Etorix · Nov 27, 2023

winnielinnie said:
I don't think "moves" can even be theoretically affected, so such actions (even if done under times of heavy I/O or in bulk) should be fine.

The original reproducer script and the newer zhammer.sh do use cp to trigger the bug… It is a matter of concurrent threads writing and reading at the same time while not checking for the appropriate kind of "dirty".
The saving grace is that it requires a highly parallel workload which is not a typical work pattern—except for compilers.

Ericloewe · Nov 27, 2023

It is important to keep in mind that the bug is actually in reading data. Data is being written correctly, so any workload that leaves data as it was, regardless if it got bad data, is safe to the data. Moving the data to a different filesystem, by virtue of needing to read the data, is vulnerable to the bug.

alex992 · Nov 27, 2023

Ericloewe said:
It is important to keep in mind that the bug is actually in reading data. Data is being written correctly, so any workload that leaves data as it was, regardless if it got bad data, is safe to the data. Moving the data to a different filesystem, by virtue of needing to read the data, is vulnerable to the bug.

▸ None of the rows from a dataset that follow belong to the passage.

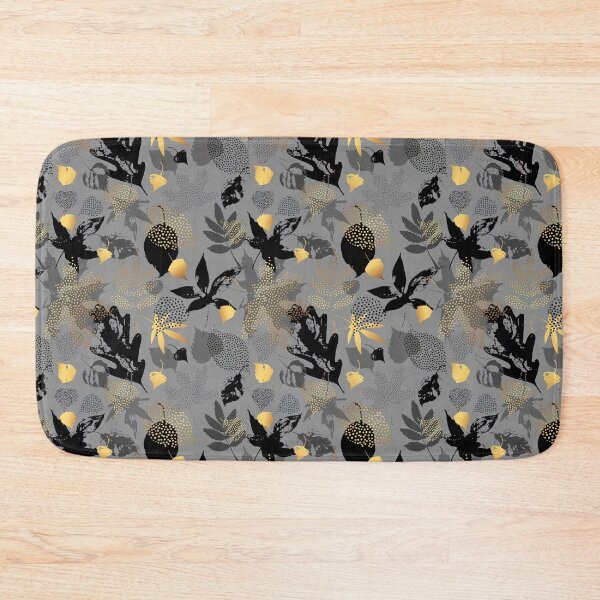 Item preview, Maple Leaf Pattern With Hand drawn leaf silhouettes with doodle, Maple Leaf Seamless Pattern, Vintage Maple Leaf designed and sold by graphic-genie.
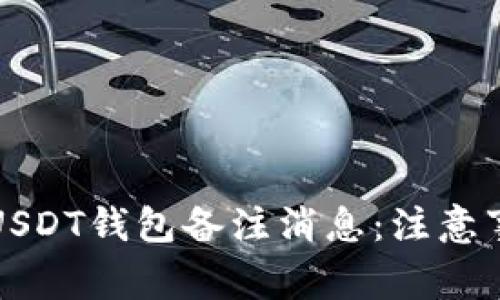 如何安全使用USDT钱包备注消息：注意事项与最佳实践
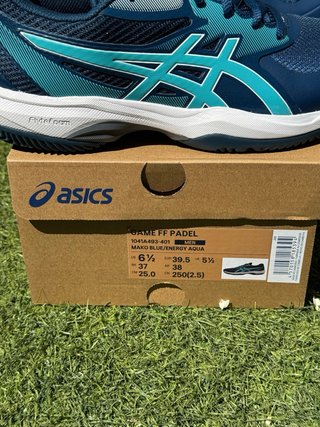 Zapatillas Asics Padel Game FF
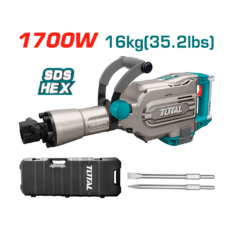 DEMOLEDOR SDS HEX 1700W 1400BMP 45J 16KG INDUSTRIAL – TH215456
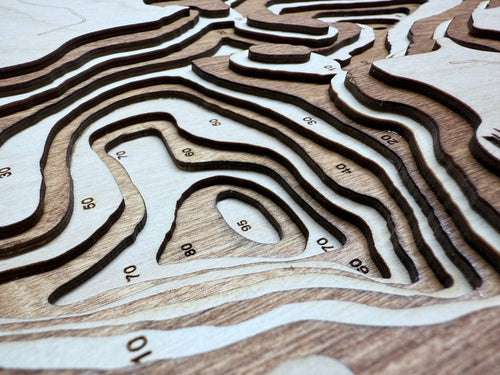 Big Too Much detail: layers reveal shape and depth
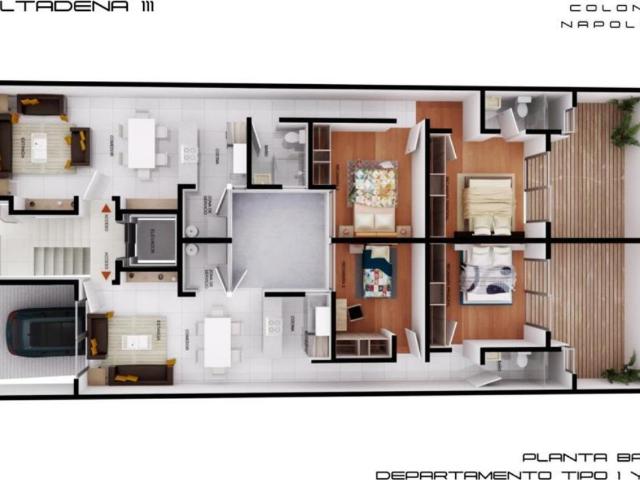 Departamento en venta en Napoles, Benito Juárez, Ciudad de México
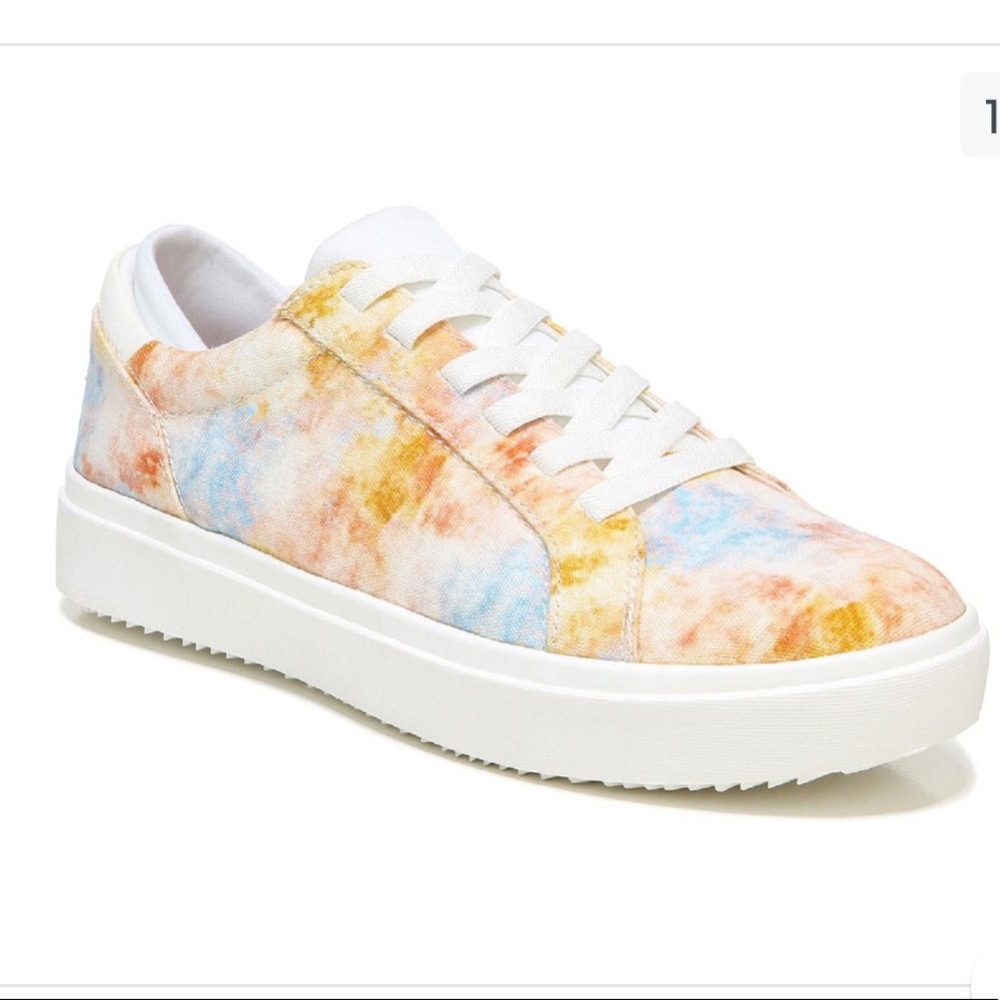 NIB Dr. Scholl’s Wink Lace Tie Dye Sneakers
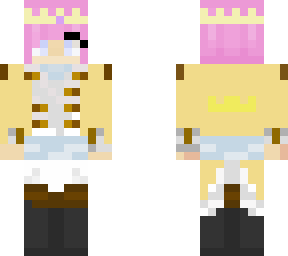 queen in uniform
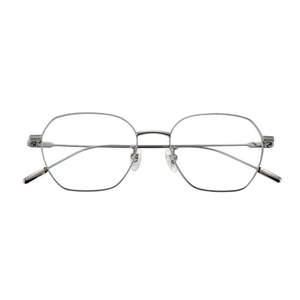 <span class=keywords><strong>Gafas</strong></span> con montura <span class=keywords><strong>de</strong></span> titanio ultraligeras, diseño redondo <span class=keywords><strong>de</strong></span> Metal transparente, monturas clásicas <span class=keywords><strong>de</strong></span> moda para mujer y hombre - Product Image 5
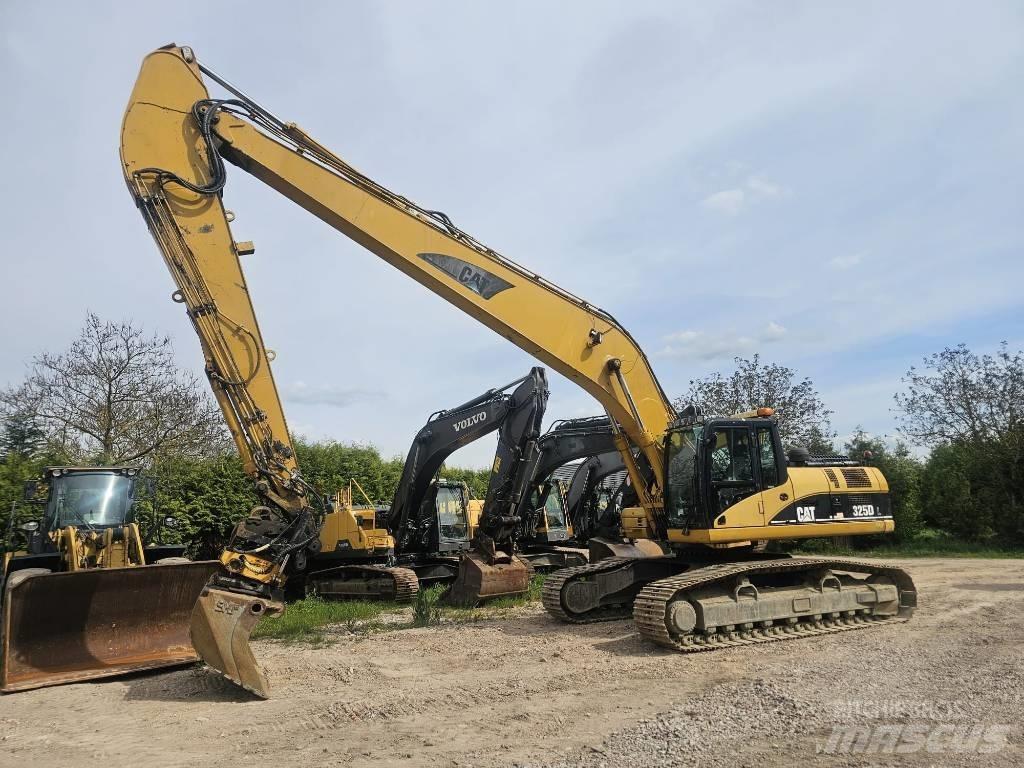 CAT 325 D Long Reach Escavadoras de longo alcance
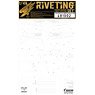 Fw190D-9 Riveting Set 1/48 + Fabric Covering (Decal)
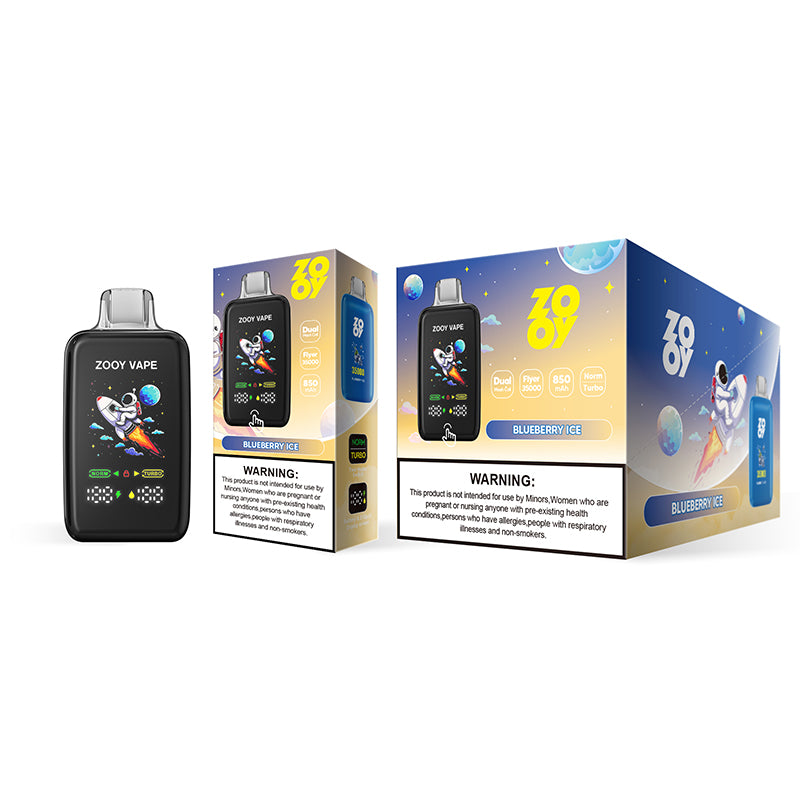 EU Warehouse ZOOY FLYER 35000 Puffs Disposable Vape Wholesale - [VapzVape]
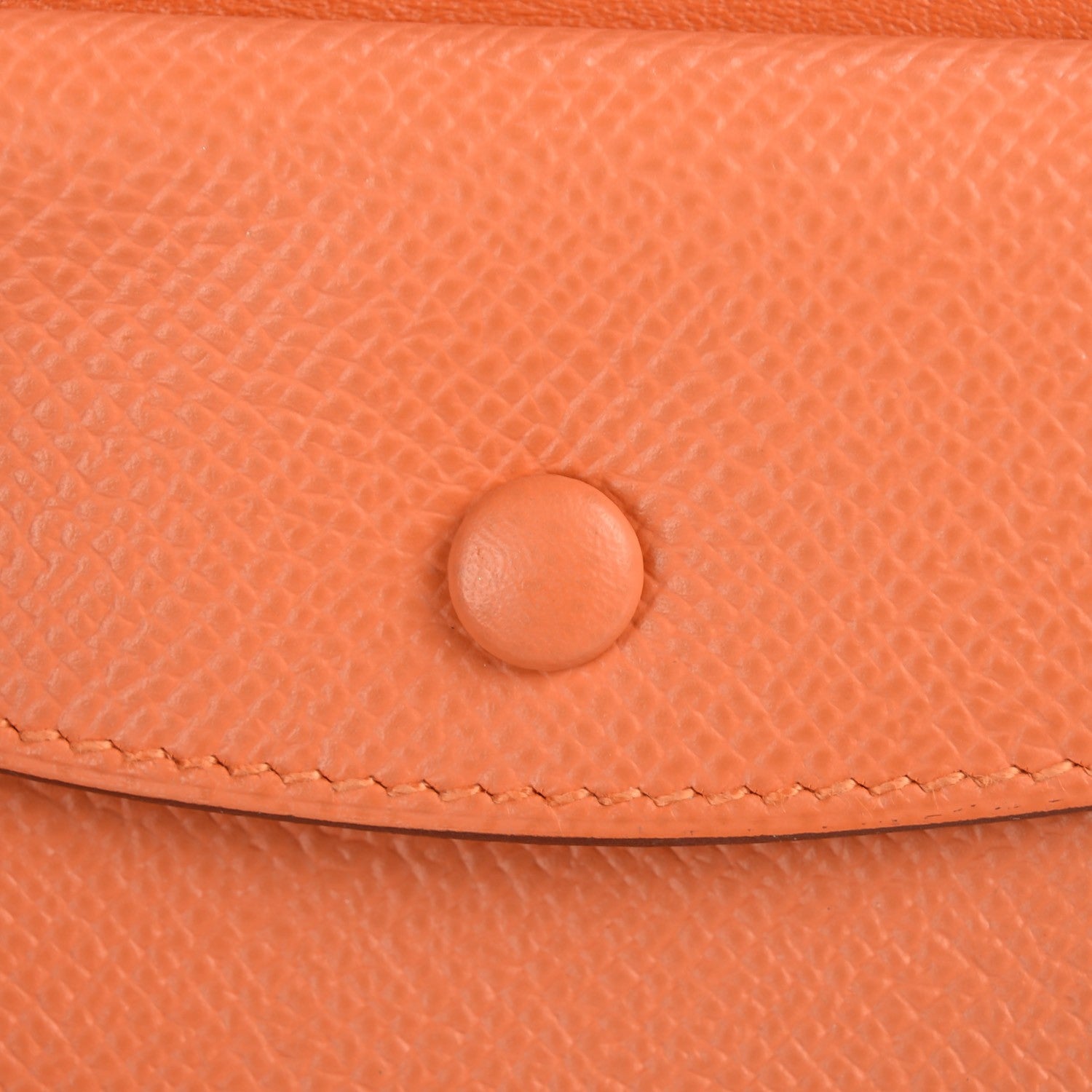 Hermes Epsom Mini Bearn Wallet Mangue 6 of 13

Is only reading (not moving to) the data by Windows machine will create corruption?

Ericloewe · Nov 27, 2023

If you mean to ask whether the bug will corrupt data stored on disk that is being read, the answer is no, the impact is only on what is sent to whoever is reading.

alex992 · Nov 27, 2023

Ericloewe said:
If you mean to ask whether the bug will corrupt data stored on disk that is being read, the answer is no, the impact is only on what is sent to whoever is reading.

Thanks

Juan Manuel Palacios · Nov 27, 2023

Ericloewe said:
It is important to keep in mind that the bug is actually in reading data. Data is being written correctly (…)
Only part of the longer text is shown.